Satan repräsentiert metaphysisch einfach die Kehrseite oder den polaren Gegensatz von allem in der Natur. [121] Er ist der ,, Widersacher“, allegorisch der ,,Mörder“, und der große Feind von allem, weil es nichts im ganzen Weltall gibt, das nicht seine zwei Seiten hätte - die Kehrseiten derselben Münze. Aber in jenem Falle können Licht Güte, Schönheit u. s. w., ebenso zutreffend Satan genannt werden, wie der Teufel, da sie die Widersacher von Dunkelheit, Bosheit und Häßlichkeit sind. Und nun wird die Philosophie und der Daseinsgrund gewisser früher christlicher Sekten - die herätisch genannt, und für die Schande der Zeiten gehalten wurden - begreiflicher werden. Wir können verstehen, wieso es geschah, daß die Sekte der Satanianer dazu kam, degradiert zu werden, und ohne irgend welche Hoffnung auf Ehrenrettung in der Zukunft in den Bann gethan wurde, nachdem sie ihre Lehrsätze geheim hielten. Wie nach demselben Grundsatze die Kainiten dazu kamen, degradiert zu werden, und ebenso die (Judas) Ischarioten; nachdem der wahre Charakter des verräterischen Apostels niemals vor dem Richterstuhle der Menschheit richtig dargestellt worden ist.


[115] II. 18, 22.

[116] Dutzende der gelehrtesten Schriftsteller haben die verschiedenen Bedeutungen des Namens J‘hovah (mit und ohne den masoretischen Punkten) gründlich untersucht, und ihre mannigfaltigen Beziehungen gezeigt.

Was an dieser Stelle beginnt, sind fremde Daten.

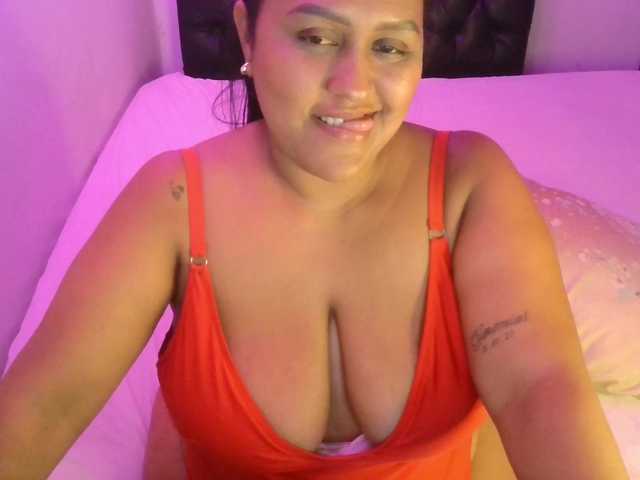 Aleja-wish from BongaCams is Freechat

Das beste dieser Werke ist The Source of Measures: Hebrew Egyptian Mystery, von J. Ralston Skinner, das bereits so oft angeführt wurde.

[117] In dem oben erwähnten Werke (p. 233) wird Vers 26 des Kapitels IV richtig übersetzt: ,,dann begannen die Menschen sich selbst Jehovah zu nennen“, aber weniger richtig erklärt, vielleicht da das letzten Wort Jah (männlich) Hovah (weiblich) geschrieben werden sollte, um zu zeigen, daß von jener Zeit an die Rasse dem deutlich getrennten Mannes und Weibes begann.

[118] Siehe zur Erklärung die ausgezeichneten Blätter des Anhanges VII desselben Werkes.

[119] a. a. O., p. 293.

[120] Rabba Battra, 16 a.

[121] In der Dämonologie ist Satan der Führer der Opposition in der Hölle, deren Monarch Beelzebub war. Er gehört der fünften Art oder Klasse von Dämonen an (deren es nach der mittelalterlichen Dämonologie neun giebt), und er steht an der Spitze der Hexen und Zauberer. Aber siehe anderwärts die wahre Bedeutung des Baphomet, des bockköpfigen Satan, eins mit Azazel, dem Sündenbock von Israel. Die Natur ist der Gott Pan.